### Available data
-.-.-

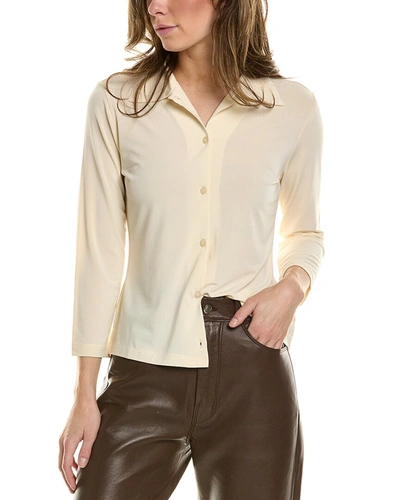 Vince 3/4-sleeve Button-up Top In White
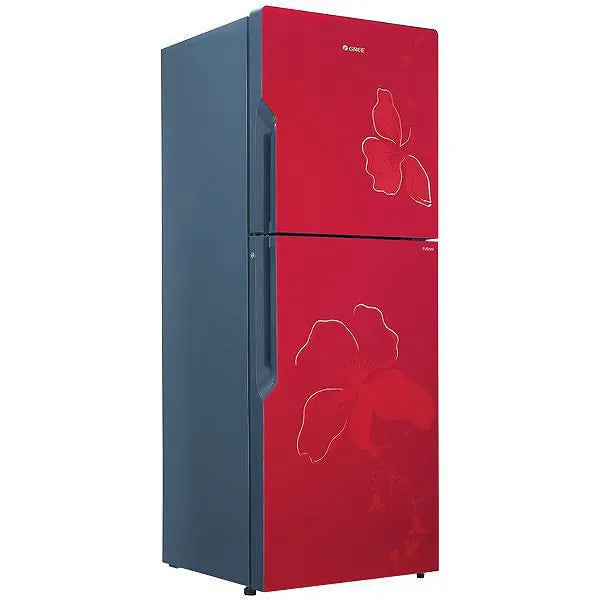 Gree GR-ES8890G Everest Glass Door Refrigerator 445 Litres – Red Floral – angle view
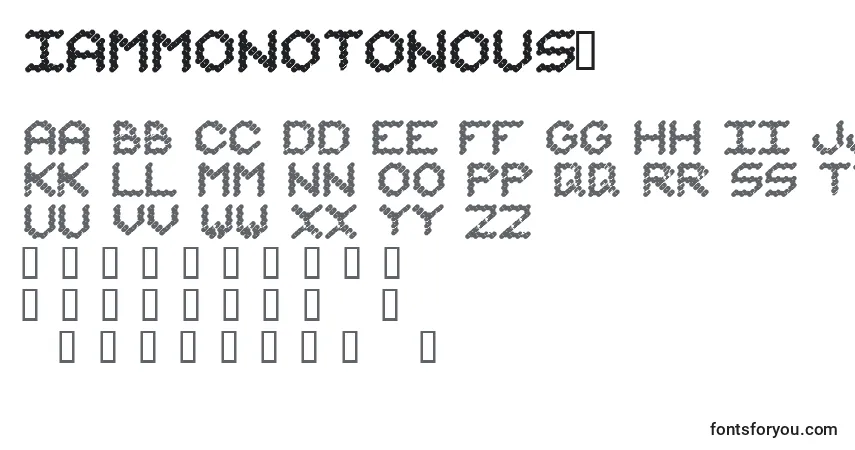 Шрифт IAmMonotonous1 – алфавит, цифры, специальные символы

-.-.-

### Task prompt
Transcribe the listing above exactly, leaving every picture out.

### Answer below
 Vince 3/4-sleeve Button-up Top In White
 Gree GR-ES8890G Everest Glass Door Refrigerator 445 Litres – Red Floral – angle view
 Шрифт IAmMonotonous1 – алфавит, цифры, специальные символы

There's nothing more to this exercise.